▶ To do: Each line below that carries the string "photo" must appear in the answer.

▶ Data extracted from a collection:

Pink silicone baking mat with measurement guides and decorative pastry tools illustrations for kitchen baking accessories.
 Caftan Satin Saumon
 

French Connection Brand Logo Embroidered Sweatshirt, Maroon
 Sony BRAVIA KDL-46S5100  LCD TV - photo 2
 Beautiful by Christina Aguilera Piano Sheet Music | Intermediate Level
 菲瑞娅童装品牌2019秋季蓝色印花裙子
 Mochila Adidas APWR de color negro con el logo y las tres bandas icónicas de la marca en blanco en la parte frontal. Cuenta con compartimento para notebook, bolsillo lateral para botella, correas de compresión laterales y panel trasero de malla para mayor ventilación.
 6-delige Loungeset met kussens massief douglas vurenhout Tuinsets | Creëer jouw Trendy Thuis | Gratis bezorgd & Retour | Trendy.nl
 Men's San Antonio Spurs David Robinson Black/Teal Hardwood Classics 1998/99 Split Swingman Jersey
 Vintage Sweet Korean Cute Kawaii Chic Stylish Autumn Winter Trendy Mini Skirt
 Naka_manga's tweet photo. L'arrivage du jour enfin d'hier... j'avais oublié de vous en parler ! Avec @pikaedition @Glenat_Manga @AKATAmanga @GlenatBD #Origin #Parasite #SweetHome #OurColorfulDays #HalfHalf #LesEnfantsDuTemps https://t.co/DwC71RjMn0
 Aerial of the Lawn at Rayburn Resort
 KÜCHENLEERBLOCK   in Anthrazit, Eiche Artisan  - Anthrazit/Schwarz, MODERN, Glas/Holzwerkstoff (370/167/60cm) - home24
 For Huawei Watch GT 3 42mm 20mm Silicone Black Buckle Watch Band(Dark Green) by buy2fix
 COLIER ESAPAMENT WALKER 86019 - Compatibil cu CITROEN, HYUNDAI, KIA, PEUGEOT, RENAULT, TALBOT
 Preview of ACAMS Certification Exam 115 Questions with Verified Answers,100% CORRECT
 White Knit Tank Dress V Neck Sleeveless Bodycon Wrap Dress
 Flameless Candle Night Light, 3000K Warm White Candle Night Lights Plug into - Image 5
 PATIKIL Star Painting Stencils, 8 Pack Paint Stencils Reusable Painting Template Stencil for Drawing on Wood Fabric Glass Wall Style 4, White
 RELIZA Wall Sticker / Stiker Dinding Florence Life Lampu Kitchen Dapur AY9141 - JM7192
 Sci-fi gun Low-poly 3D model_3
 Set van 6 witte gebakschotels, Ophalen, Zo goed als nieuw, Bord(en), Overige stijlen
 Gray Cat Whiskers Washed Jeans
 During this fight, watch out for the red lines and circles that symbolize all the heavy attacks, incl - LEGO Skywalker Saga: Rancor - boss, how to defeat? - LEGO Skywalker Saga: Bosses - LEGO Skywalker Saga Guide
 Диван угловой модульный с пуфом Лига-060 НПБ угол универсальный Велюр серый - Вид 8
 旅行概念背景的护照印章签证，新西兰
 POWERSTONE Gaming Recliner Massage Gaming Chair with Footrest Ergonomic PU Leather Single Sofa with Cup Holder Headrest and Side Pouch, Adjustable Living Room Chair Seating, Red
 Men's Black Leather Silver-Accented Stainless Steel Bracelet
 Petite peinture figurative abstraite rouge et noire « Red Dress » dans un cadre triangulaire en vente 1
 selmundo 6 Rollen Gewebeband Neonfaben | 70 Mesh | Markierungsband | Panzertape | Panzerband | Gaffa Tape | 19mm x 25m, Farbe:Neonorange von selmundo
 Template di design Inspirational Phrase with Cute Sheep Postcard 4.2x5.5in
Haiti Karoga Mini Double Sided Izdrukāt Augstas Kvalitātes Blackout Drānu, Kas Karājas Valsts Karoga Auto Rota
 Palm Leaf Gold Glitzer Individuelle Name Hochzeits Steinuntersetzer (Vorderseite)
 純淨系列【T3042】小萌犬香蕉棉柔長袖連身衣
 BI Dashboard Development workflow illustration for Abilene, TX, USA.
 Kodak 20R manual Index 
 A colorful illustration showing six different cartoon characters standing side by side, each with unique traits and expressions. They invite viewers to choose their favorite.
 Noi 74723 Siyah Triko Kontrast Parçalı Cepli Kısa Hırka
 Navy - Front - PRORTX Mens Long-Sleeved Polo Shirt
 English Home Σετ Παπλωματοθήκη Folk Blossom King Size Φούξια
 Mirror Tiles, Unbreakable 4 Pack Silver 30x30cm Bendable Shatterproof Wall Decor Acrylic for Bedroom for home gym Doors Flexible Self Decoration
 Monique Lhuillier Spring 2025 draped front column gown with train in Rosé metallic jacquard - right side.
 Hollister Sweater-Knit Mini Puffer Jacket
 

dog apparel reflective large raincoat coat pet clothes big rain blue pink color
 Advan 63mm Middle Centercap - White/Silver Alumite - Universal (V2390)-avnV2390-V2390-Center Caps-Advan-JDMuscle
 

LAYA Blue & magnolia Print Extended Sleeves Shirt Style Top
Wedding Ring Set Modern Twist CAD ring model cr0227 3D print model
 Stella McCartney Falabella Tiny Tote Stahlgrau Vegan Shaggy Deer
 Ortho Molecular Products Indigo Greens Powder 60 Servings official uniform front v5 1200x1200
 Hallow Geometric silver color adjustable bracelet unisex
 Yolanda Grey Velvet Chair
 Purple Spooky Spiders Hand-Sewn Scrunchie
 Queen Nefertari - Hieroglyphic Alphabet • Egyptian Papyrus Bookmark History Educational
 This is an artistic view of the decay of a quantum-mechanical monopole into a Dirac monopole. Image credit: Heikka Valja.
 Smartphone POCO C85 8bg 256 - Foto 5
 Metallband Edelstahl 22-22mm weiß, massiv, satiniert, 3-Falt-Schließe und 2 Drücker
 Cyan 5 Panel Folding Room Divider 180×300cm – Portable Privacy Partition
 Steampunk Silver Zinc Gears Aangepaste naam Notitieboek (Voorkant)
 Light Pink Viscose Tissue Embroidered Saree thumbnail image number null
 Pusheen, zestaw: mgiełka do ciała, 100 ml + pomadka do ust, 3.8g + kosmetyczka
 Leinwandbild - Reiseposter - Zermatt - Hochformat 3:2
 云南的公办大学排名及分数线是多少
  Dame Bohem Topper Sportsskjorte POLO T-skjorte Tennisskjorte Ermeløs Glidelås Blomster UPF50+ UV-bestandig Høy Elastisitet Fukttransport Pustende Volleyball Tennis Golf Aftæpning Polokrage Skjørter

▶ Answer to this task:
 Sony BRAVIA KDL-46S5100  LCD TV - photo 2
 Naka_manga's tweet photo. L'arrivage du jour enfin d'hier... j'avais oublié de vous en parler ! Avec @pikaedition @Glenat_Manga @AKATAmanga @GlenatBD #Origin #Parasite #SweetHome #OurColorfulDays #HalfHalf #LesEnfantsDuTemps https://t.co/DwC71RjMn0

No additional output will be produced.